O acordo entre o ICB, o Fundo de Apoio à Pesquisa do Distrito Federal (FAP-DF) e a Secretaria de Estado de Educação do Distrito Federal (SEEDF) foi firmado em 2023. O objetivo era executar um programa de educação criativa e transformação digital na rede de ensino do DF.
O ICB pertence à empresária Karina da Gama, presidente da organização e dona da produtora do filme Dark Horse. Ela também foi alvo de mandado de busca e apreensão na operação.
O plano de trabalho previa a contratação da LF&P Consulting para serviços jurídicos, contábeis e auditoria. Os valores indicados eram de R$ 147 mil e R$ 96 mil. A Polícia Federal descreve Meirelles como titular da empresa.
Relação com emenda parlamentar
Segundo decisão do ministro Flávio Dino, do Supremo Tribunal Federal (STF), a LF&P Consulting recebeu R$ 80 mil de recursos do Ministério da Ciência, Tecnologia e Inovação repassados ao ICB. O dinheiro tinha origem em emenda parlamentar de Mario Frias.
Para justificar o repasse, o ICB apresentou três orçamentos. Uma análise da Controladoria-Geral da União (CGU) apontou que os arquivos foram criados pela mesma usuária, no mesmo dia, com intervalo de 27 minutos. A PMR Advocacia, uma das empresas citadas nas cotações, negou à CGU ter enviado orçamento ao instituto. A empresa também aparece em uma cotação usada pelo ICB para obter recursos do FAP-DF.

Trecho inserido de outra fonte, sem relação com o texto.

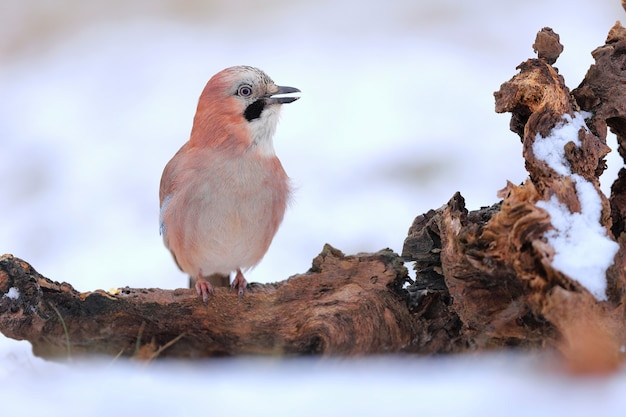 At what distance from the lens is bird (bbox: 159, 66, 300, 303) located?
3309 mm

O deputado distrital Gabriel Magno (PT-DF) apresentou notícia de fato ao Ministério Público do Distrito Federal e Territórios (MPDFT). Ele apontou possíveis irregularidades na parceria e risco de triangulação de verbas educacionais para custear interesses privados.
Magno também citou equipamentos inutilizados, ausência de capacitação, falhas de comunicação, materiais pendentes e execução fragmentada. “A despeito da aparente regularidade formal da parceria, os relatórios técnicos de monitoramento e as auditorias internas revelaram um cenário de reiterada ineficiência operacional”, afirmou o deputado.

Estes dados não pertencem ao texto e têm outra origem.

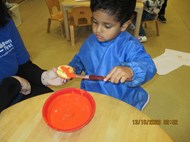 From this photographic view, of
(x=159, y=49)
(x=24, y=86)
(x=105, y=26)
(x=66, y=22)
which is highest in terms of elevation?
(x=105, y=26)

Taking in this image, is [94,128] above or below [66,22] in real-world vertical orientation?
above

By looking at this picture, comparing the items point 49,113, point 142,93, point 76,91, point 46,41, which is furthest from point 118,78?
point 46,41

Secretaria aponta pendências
A SEEDF informou que o acompanhamento do Termo de Colaboração nº 02/2023 classificou a parceria como de cumprimento parcial. Segundo a secretaria, nem todas as metas e entregas foram comprovadas, e a prestação de contas final continua pendente.

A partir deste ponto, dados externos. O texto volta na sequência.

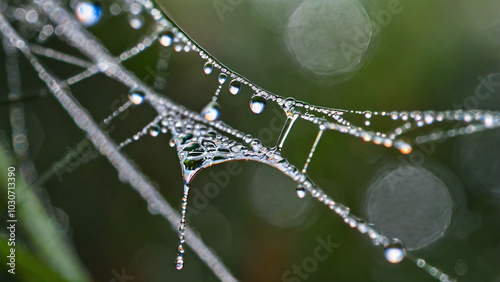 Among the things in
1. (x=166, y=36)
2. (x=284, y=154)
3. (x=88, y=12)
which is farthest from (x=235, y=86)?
(x=284, y=154)

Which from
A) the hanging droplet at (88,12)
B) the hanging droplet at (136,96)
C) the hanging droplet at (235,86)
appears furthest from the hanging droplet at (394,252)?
the hanging droplet at (88,12)

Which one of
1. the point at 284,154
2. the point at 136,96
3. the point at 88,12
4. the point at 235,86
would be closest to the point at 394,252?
the point at 235,86

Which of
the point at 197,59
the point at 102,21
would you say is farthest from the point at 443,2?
the point at 102,21

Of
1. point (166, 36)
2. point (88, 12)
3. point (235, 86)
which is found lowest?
point (235, 86)

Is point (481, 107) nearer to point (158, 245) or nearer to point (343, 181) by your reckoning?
point (343, 181)

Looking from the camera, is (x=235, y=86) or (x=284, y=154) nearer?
(x=235, y=86)

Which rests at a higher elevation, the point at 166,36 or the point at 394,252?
the point at 166,36

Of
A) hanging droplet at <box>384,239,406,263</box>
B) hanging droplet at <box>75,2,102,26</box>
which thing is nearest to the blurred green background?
hanging droplet at <box>75,2,102,26</box>

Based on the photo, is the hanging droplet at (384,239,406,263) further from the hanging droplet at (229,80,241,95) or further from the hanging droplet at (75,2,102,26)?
the hanging droplet at (75,2,102,26)

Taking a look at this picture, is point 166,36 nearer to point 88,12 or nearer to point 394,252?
point 88,12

A pasta afirmou ainda que o ICB não devolveu valor superior a R$ 1 milhão. O débito deverá ser inscrito no Sistema Integrado de Lançamento de Créditos do Distrito Federal (SISLANCA-DF) e enviado à Procuradoria-Geral do Distrito Federal (PGDF) para cobrança judicial.
A FAPDF disse que recebeu os apontamentos, realizou diligências com o proponente e observou os procedimentos administrativos aplicáveis.
Na última quinta-feira (10/9), Mario Frias foi alvo de busca e apreensão por decisão de Flávio Dino, em inquérito sobre a relação entre emendas parlamentares e o custeio de Dark Horse, filme sobre a trajetória do ex-presidente Jair Bolsonaro. A Operação Make Up cumpriu 49 mandados no Distrito Federal, em São Paulo, no Rio de Janeiro e no Ceará.
Frias negou irregularidades e declarou: “Vou colaborar com tudo que for pedido, vou entregar cada documento”. Karina da Gama e a LF&P Consulting foram procuradas, mas não responderam.